Die Union Europäischer Türkischer Demokraten (UETD) hat eine Beschwerde beim Presserat gegen die Tageszeitung "Österreich" eingereicht. Der teilweise Abdruck des "Schmähkritik"-Gedichtes von ZDF-Satiriker Jan Böhmermann sei eine "skandalöse Herabwürdigung" des türkischen Präsidenten Recep Tayyip Erdogan und verstoße gegen den Pressekodex, hieß es am Freitag auf der Facebook-Seite der UETD.

Im "Österreich"-Artikel vom 13. April, in dem das Gedicht unter dem Titel "Ist dieses wirre Gedicht Kunst oder Skandal?" abgedruckt wurde, seien die Grenzen der "zulässigen Satire und Berichterstattung überschritten" und die Meinungsfreiheit verletzt worden. Es handle sich um eine "eklatante Beleidigung und skandalöse Herabwürdigung von Erdogan", kritisierte die Bewegung. Die UETD gilt als verlängerter Arm der AKP.
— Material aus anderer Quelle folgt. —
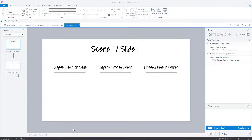Articulate has recently added three new built-in variables to Storyline 360: elapsed time variables. These variables give you lots of new possibilities for timed interactions in Storyline 360.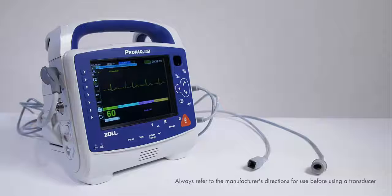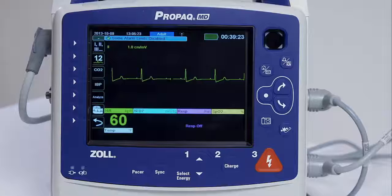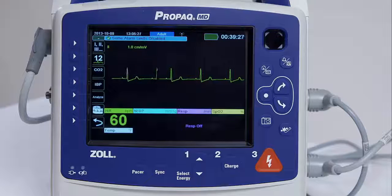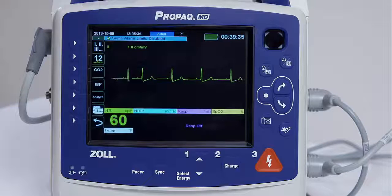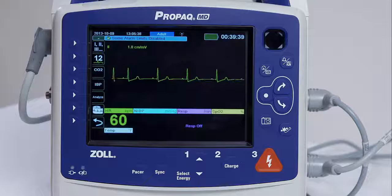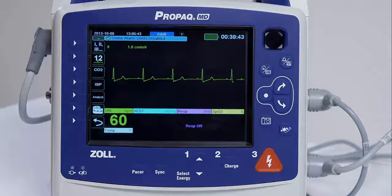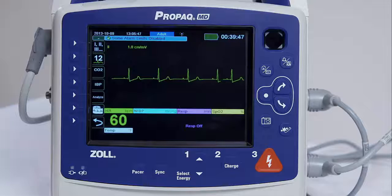Each channel requires its own connector, cabling, and pressure transducer. The ProPakMD unit is compatible with many types of invasive pressure transducers, including non-disposable and fully disposable transducers. The transducer cable must have a 6-pin AAMI cable connector so that it can plug into a ProPakMD pressure channel. Always refer to the manufacturer's directions before using a transducer.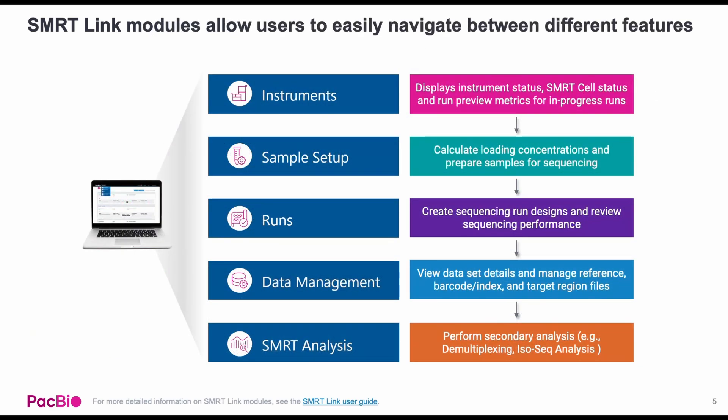After installation, you can access SmartLink from your web browser, where you will find five modules: instruments, sample setup, runs, data management, and smart analysis. You will see more of SmartLink during the installation demo, so let's get started.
"Österreich"-Herausgeber Wolfgang Fellner verteidigte das Vorgehen seiner Redaktion und betonte, dass die Zeitung das Gedicht "in kritisch distanzierter Form" abgedruckt habe und "in jeder Form" dem Ehrenkodex des österreichischen Presserates und der österreichischen Rechtsprechung entspreche.

Die UETD wurde vor rund zwölf Jahren in Deutschland gegründet. Ziele sind laut Homepage die "Fokussierung auf die Probleme der Türken in Europa" und "Politische Öffentlichkeitsarbeit".

Das Medium "Österreich" ist bis dato nicht Mitglied im Presserat.